Thomas Tallis
From Simple English Wikipedia, the free encyclopedia
Thomas Tallis (born c.1505; died Greenwich November 23 1585) was the most important English composer of his generation.
We know very little about Tallis’s youth. He may have started his career as organist at Dover and then Waltham Abbey. After the Dissolution of the monasteries he had a job at Canterbury Cathedral for a short time, but he was soon made a Gentleman of the Chapel Royal and he had a job in the royal household until his death, working for four monarchs: Henry VIII, Edward VI, Mary Tudor and Elizabeth I.
Tallis was organist and composer. He had to write music for the royal chapels.

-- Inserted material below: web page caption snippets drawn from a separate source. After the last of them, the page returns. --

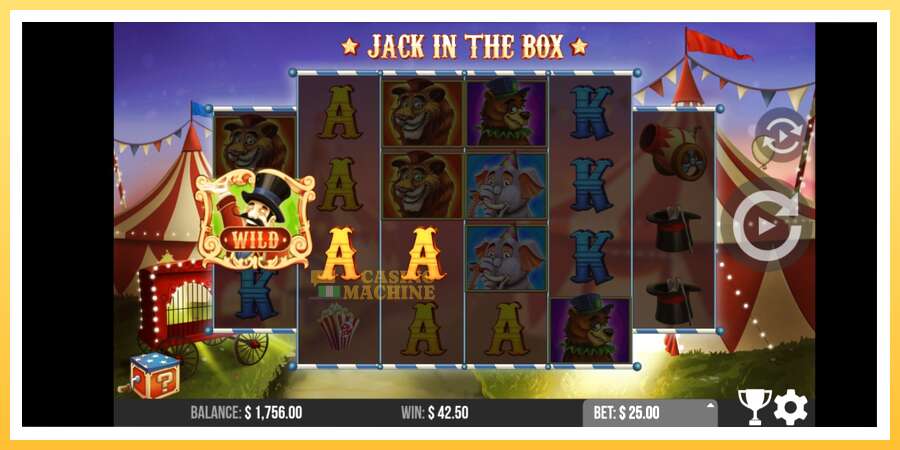 Jack in the Box: ပိုက်ဆံအတွက်ကစား, ပုံ 3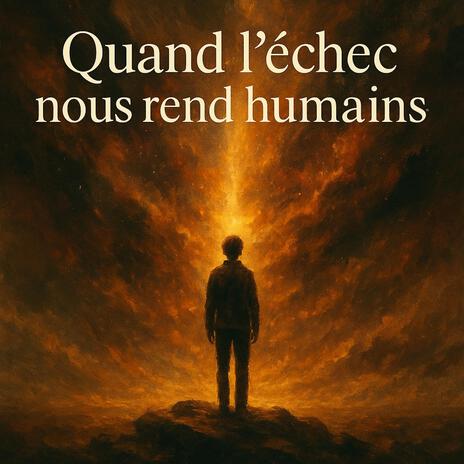 Quand l’échec nous rend humains cover art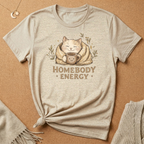 Homebody Energy Cat Tee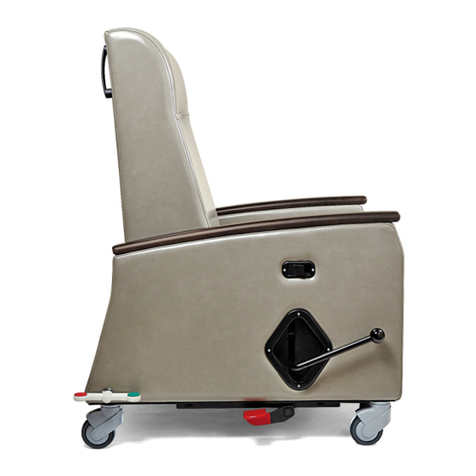 Stance Healthcare Oasis Parts and service manual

He was given the lease of a big house in Kent and a salary of £91 12s a year (£19.60 in modern money) which was a very good salary in those days. In 1575 Queen Elizabeth I gave Thomas Tallis and William Byrd a licence which meant they were the only people allowed to print and publish music in England (music printing was a very new invention at the time). Tallis owned a house in Greenwich were he died in 1585.
In the early 16th century church music was often very polyphonic: voices imitated one another and sang different things at the same time. However, tastes were changing and Tallis wrote church music which was much simpler. In a lot of his music the choir sing chords (homophonic writing) instead of using the older polyphony. For a short time, during the reign of the Catholic Mary Tudor, polyphonic music was in fashion again. This was the time when Tallis wrote an antiphon “Gaude gloriosa Dei mater” and a mass “Puer natus est nobis”. These two works are once more very complicated polyphonic works. After that his works become simpler once more, but he was always keen to try out new ideas from the continent of Europe. He wrote some very fine anthems. Many of his works are settings of Latin words, but he also made settings of English texts.
One of his most beautiful works is called Spem in Alium. The choir divide into forty parts (i.e. the choir need at least 40 people to sing it, and even then everybody would be singing a different line). It is possible that he wrote it for Queen Elizabeth I’s 40th birthday in 1573, but we cannot be sure.
His Diliges Dominum is a collection of contrapuntal exercises which includes a very famous canon often simply called “Tallis’s canon”.